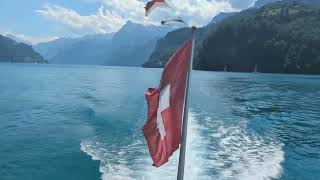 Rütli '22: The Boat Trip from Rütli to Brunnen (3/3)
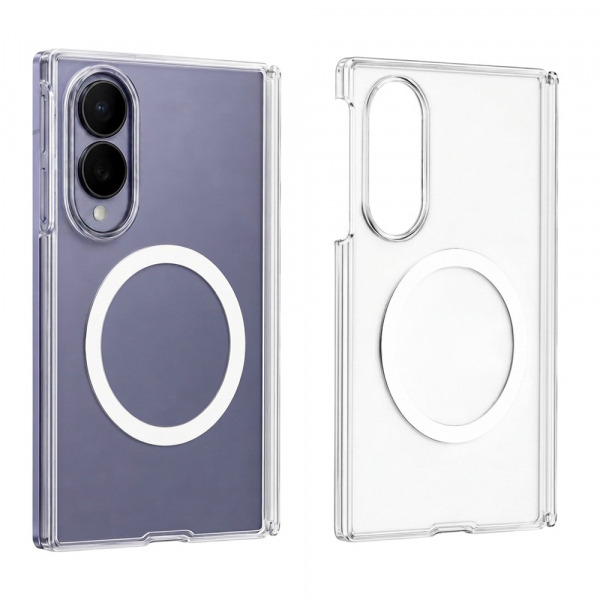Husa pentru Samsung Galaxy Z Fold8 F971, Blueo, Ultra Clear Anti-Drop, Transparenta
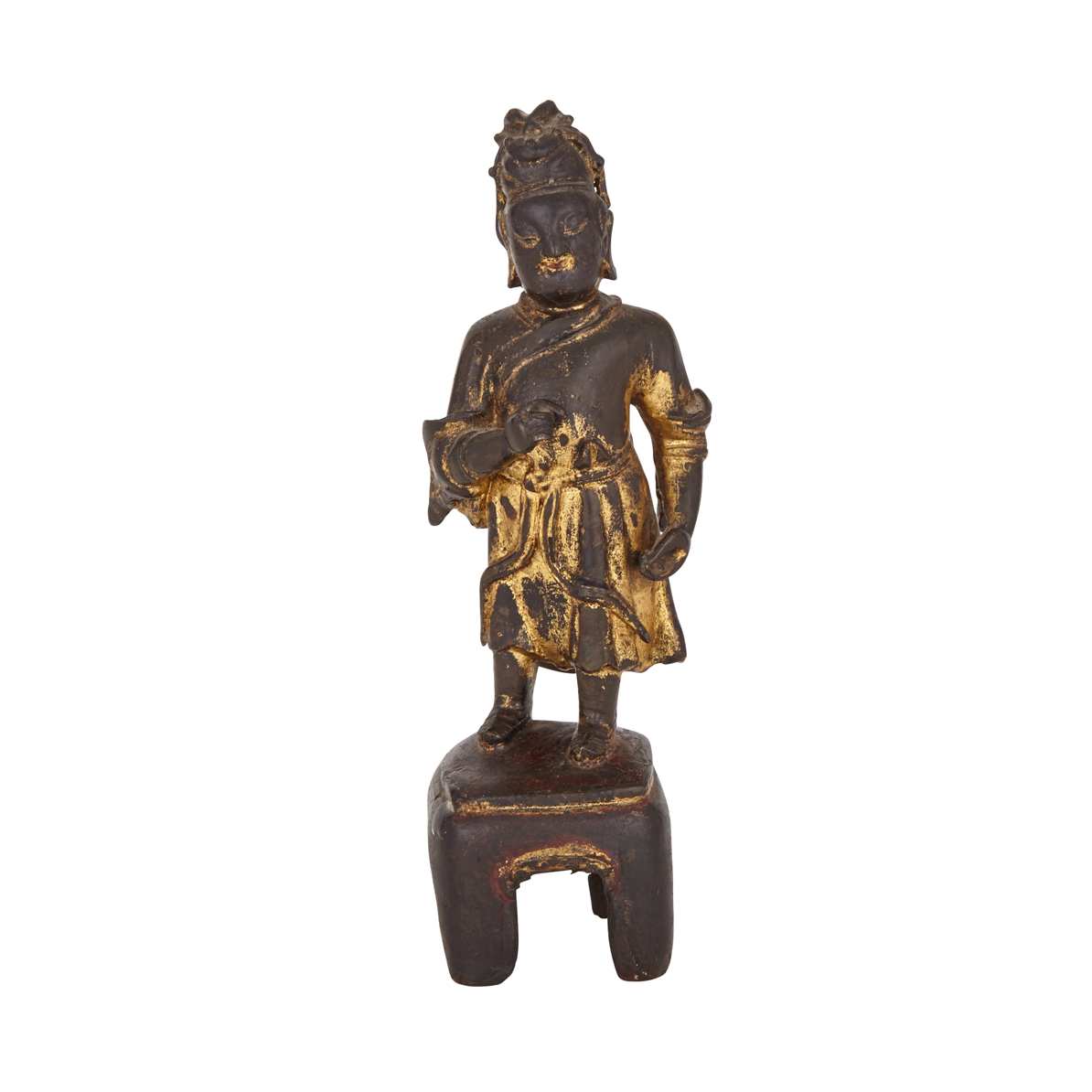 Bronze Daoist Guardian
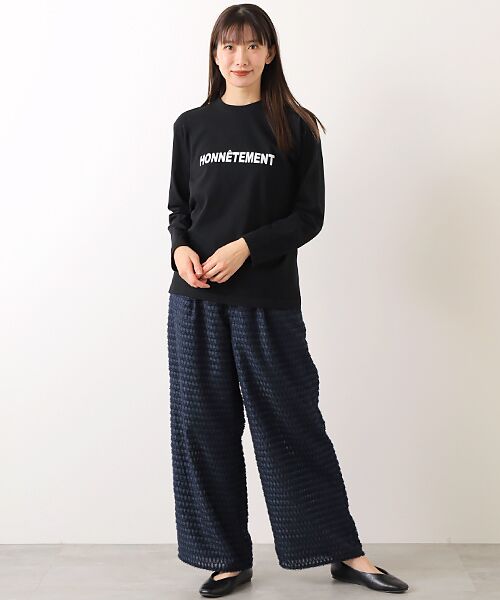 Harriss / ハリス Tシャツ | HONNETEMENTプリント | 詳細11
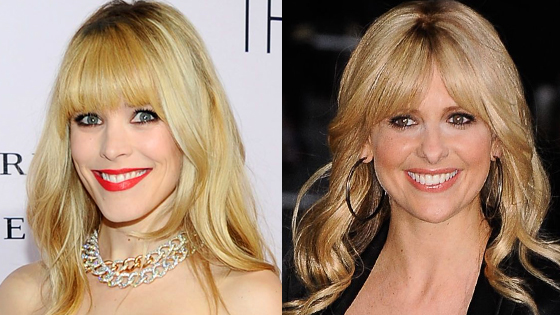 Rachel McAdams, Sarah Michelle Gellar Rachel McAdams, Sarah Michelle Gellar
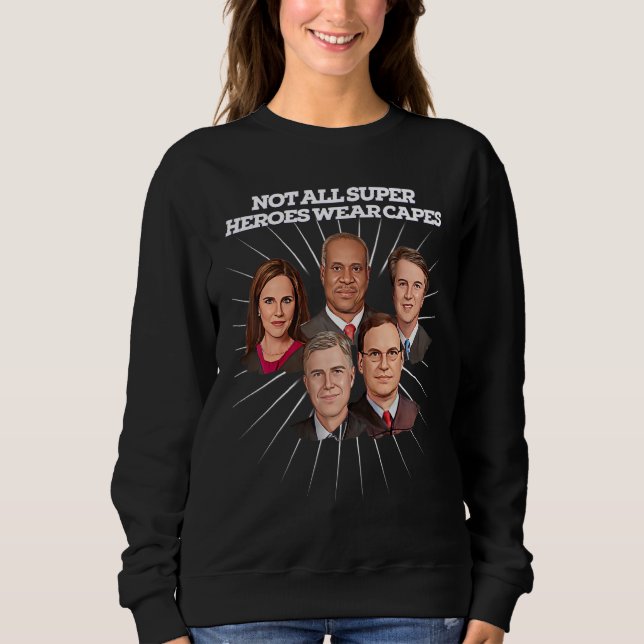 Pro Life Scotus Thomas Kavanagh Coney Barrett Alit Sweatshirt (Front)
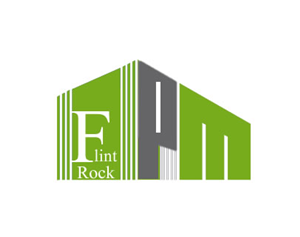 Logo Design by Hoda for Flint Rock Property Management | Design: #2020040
---
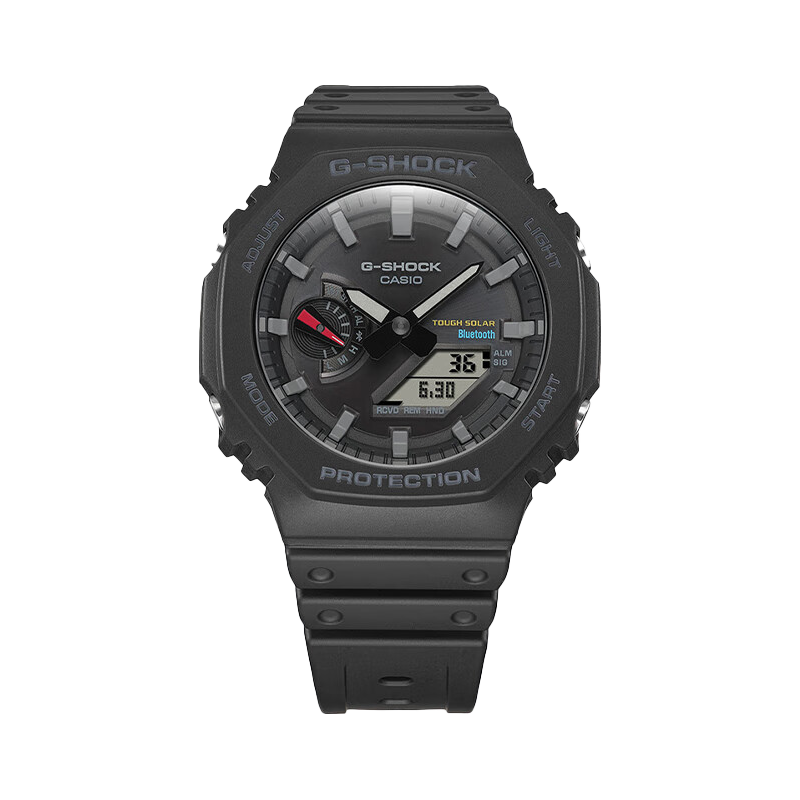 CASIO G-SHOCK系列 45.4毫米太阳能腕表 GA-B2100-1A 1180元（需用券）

▶ Required action
Given the records above, return the lines starting at the one that holds "Rachel McAdams, Sarah Michelle Gellar Rachel" and ending at the one that holds "Logo Design by", exactly, and nothing besides; leave every picture out.

▶ Problem solution
 Rachel McAdams, Sarah Michelle Gellar Rachel McAdams, Sarah Michelle Gellar
 Pro Life Scotus Thomas Kavanagh Coney Barrett Alit Sweatshirt (Front)
 Logo Design by Hoda for Flint Rock Property Management | Design: #2020040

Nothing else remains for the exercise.